Copy the data that follows, character for character, minus the pictures.

DATA PROVIDED:
* * * * * * *

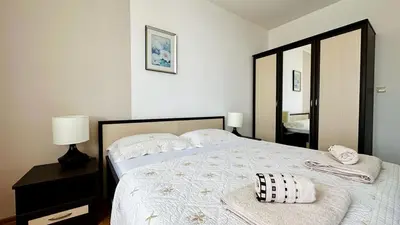 a bedroom with a bed with a pillow on it at Garden of Eden K 518 in Sveti Vlas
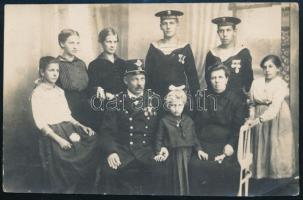 cca 1916 Egy haditengerész család. Az S.M.S. Warasdineren szolgáló egyik fiú, a másik tengeralattjárón szolgál, valamint az apa is tengerésztiszt Fotólap / Black-and-white privately made photo postcard A perfect depiction of a late Habsburg bourgeois family. The father, a naval official, poses with his wife, five daughters, and two sons. The taller of the two young men is a member of the crew of S.M.S. Warasdiner. The second young man, wearing two medals more than his brother, is clearly with the submarine service: the band on his cap reads Unterseeboot, followed by a mostly illegible Roman numeral.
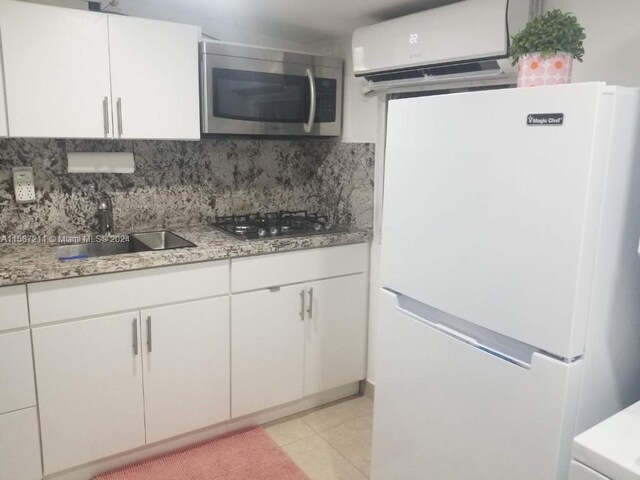 kitchen with tasteful backsplash, sink, white cabinets, luxury refrigerator, and gas cooktop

* * * * * * *

ANSWER AREA:
 a bedroom with a bed with a pillow on it at Garden of Eden K 518 in Sveti Vlas
 cca 1916 Egy haditengerész család. Az S.M.S. Warasdineren szolgáló egyik fiú, a másik tengeralattjárón szolgál, valamint az apa is tengerésztiszt Fotólap / Black-and-white privately made photo postcard A perfect depiction of a late Habsburg bourgeois family. The father, a naval official, poses with his wife, five daughters, and two sons. The taller of the two young men is a member of the crew of S.M.S. Warasdiner. The second young man, wearing two medals more than his brother, is clearly with the submarine service: the band on his cap reads Unterseeboot, followed by a mostly illegible Roman numeral.
 kitchen with tasteful backsplash, sink, white cabinets, luxury refrigerator, and gas cooktop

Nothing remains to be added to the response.